My eyes started to bleed when they fell upon the following Bloomberg piece:
Sales of bonds backed by everything from timeshare rentals to shipping containers to entertainment royalties are poised to rise this year as investors seek to boost returns with interest rates at about record lows.
So-called esoteric asset-backed securities issuance may soar 12.9 percent to $35 billion, compared with debt linked to more traditional collateral such as auto and credit-card loans, which will grow 8.75 percent to $87 billion, according to a forecast from Credit Suisse Group AG.
Barclays Capital, Citigroup Inc. and Wells Fargo & Co. are directing investors toward the debt[…].
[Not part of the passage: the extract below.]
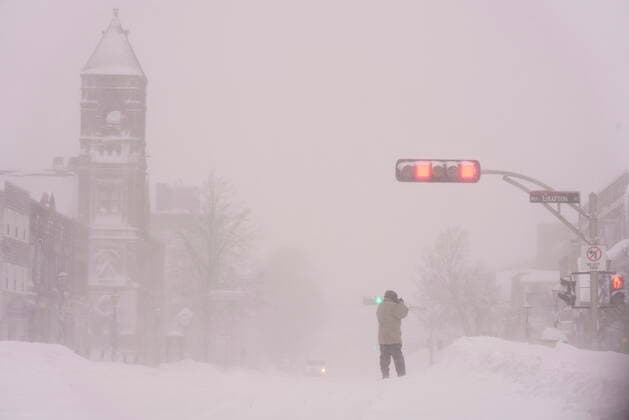 February 8, 2021, Charlottetown, PE, Canada: A person takes a photo on Grafton Street during a snowstorm in Charlottetown on Monday, Feb. 8, 2021. Charlottetown Canada  - ZUMAc35_ 20210208_zaf_c35_002 Copyright: xJohnxMorrisx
“The ability to pick up incremental yield while not taking additional risk makes esoteric ABS attractive,” [Cory] Wishengrad, [Barclays Capital] co- head of securitized products origination, said in a telephone interview.
Again: “The ability to pick up incremental yield while not taking additional risk makes esoteric ABS attractive.”
You know how Baruch Spinoza said that “Nature abhors a vacuum”? Well, markets abhor those who have money but are ignorant of history. I’m not saying that there’s no merit to these deals; I simply don’t have enough information on a specific deal to say one way or the other. But I’m pretty sure that there’s no investment fairy flying from asset manager to asset manager sprinkling higher yields on the undeserving. No matter what the ratings agencies tell you.
All I want to know is: who’s buying this stuff in size? I might like the other side of that one.